Fascism = Capitalism.

Mussolini, the former Communist and man of the people, had a mandate to rule given by aristocracy, landowners and the moneyed classes. In contemporary terms it was based on deregulation. The bogey men of communism and working men organising themselves into trade unions was outlawed. Deregulation meant no regulation, the whip hand was with the rich and only the poor paid taxes.

King Victor Emmanuel III of Italy’s intervention in the second world war and his late backing of the Allied forces led to the arrest of Mussolini at the end of July, 1943. One fascist force replaced another. The German’s sprung Mussolini from prison and took control of the defence of Italy and split the country among fascist and non-fascist supporters.

An estimated 600 000 joined the anti-fascist resistance movement in Italy, around 70 000 of whom were women. Pahore was caught with a typewriter and accused of producing anti-fascist leaflets. So begins his odyssey in the death camps.

Primo Levi, Italian Jew, in his memoir, If This Is a Man asked a question what is it to be truly human?

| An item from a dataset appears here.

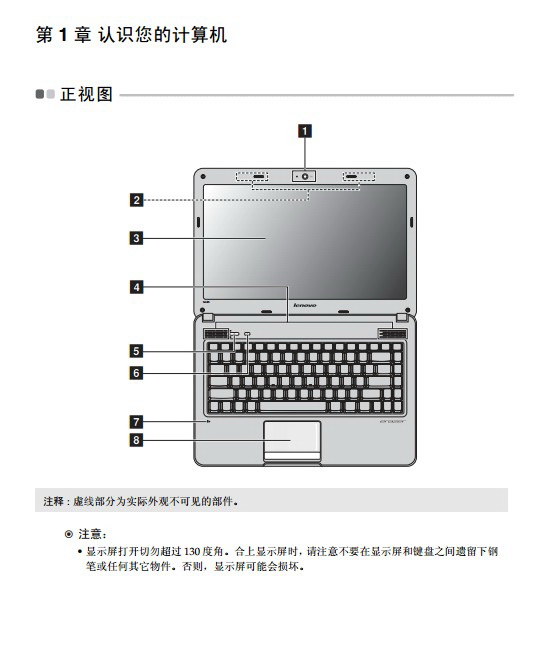 华军软件园为您提供绿色免费官方联想驱动软件下载,联想驱动软件主要包括Lenovo联想昭阳E390笔记本电脑驱动 、Lenovo联想 旭日125系列笔记本驱动软件,Lenovo联想昭阳E390笔记本电脑驱动以及Lenovo联想 旭日125系列笔记本驱动适用于winxp/win7/win8等系统操作平台,而且使用方便,软件体积小,如果你需要联想驱动软件,那就快来华军软件园下载下载联想笔记本官方驱动软.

Necropolis –City of the Dead is the answer. Them and us.  The ersatz category of subhuman that fight each other over a finger-tip of bread while mining pink-coloured rock that has decorative value. Capitalism in its purest form can be found here. Fascism and the strong man theory of history have made a dramatic comeback. Boris Pahor tells it like it is. He saw too much. We understand too little. This is a Boris you can trust.